*Exercise brief*
Only those lines in the data below from the line containing "Athleta Black Leggings" through the line containing "Ishya Heartfall Layered", both included, should be restated word for word.

Segment Start: Input

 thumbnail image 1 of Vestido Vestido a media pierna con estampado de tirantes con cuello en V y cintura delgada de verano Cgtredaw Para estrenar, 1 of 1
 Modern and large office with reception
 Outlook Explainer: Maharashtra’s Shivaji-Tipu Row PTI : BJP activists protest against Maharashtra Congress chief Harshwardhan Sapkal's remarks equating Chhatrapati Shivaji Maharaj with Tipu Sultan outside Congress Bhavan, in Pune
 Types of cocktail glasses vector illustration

Segment End: Input
Segment Start: Input

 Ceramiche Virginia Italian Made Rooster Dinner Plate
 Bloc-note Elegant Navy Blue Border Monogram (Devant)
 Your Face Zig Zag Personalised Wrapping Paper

Segment End: Input
Segment Start: Input

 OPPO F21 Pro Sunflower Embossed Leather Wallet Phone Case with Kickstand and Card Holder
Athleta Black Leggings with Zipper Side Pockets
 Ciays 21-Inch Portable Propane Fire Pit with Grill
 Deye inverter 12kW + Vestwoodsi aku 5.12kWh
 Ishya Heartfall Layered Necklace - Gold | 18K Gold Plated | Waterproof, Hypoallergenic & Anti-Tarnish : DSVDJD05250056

Segment End: Input

*Exercise answer*
Athleta Black Leggings with Zipper Side Pockets
 Ciays 21-Inch Portable Propane Fire Pit with Grill
 Deye inverter 12kW + Vestwoodsi aku 5.12kWh
 Ishya Heartfall Layered Necklace - Gold | 18K Gold Plated | Waterproof, Hypoallergenic & Anti-Tarnish : DSVDJD05250056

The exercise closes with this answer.